I've noticed a lot of spam lately that is using invalid html tags embedded between the letters of the body text, for example,
A<!alkdf>s s<!alkdf>ee<!alkdf>n on O<!alkdf>p<!alkdf>rah.
I searched around on the list but couldn't find any references to this approach. Anyone else seeing these spams? Is there any rule that covers invalid tags?
There's a bug open on it and it's been discussed many times on the list.
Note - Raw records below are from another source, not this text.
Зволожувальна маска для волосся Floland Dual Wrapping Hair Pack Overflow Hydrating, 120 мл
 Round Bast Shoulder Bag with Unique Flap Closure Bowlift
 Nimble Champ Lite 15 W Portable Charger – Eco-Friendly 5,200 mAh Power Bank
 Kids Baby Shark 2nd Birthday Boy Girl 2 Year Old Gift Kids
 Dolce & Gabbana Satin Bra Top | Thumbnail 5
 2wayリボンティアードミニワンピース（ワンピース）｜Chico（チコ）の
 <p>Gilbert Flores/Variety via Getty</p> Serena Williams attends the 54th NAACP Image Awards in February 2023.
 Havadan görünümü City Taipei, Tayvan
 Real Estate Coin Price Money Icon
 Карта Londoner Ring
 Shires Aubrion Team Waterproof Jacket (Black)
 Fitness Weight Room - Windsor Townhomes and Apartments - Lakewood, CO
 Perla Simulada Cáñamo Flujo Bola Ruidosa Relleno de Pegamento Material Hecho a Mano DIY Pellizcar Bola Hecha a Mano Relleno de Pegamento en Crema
Some of the code in 2.60-cvs takes care of some of this, but the bug isn't completely dead AFAIK.
See the 5/23 thread "[SAtalk] How are unknown tags handled ?" in which Stuart Gall suggested this rule
# Look for invalid HTML comment tags
rawbody __HTML_FALSE_COMMENT_TAG /<![^-]{2}/
meta HTML_FALSE_COMMENT __HTML_FALSE_COMMENT_TAG && MIME_HTML_ONLY
describe HTML_FALSE_COMMENT Message contains invalid HTML tags
score HTML_FALSE_COMMENT 1.5
Here's the bug entry:
http://bugzilla.spamassassin.org/show_bug.cgi?id=1960
The thread "[SAtalk] On filtering out invalid tags, decode %-characters, canoncial input" circa 5/25/03 is also related.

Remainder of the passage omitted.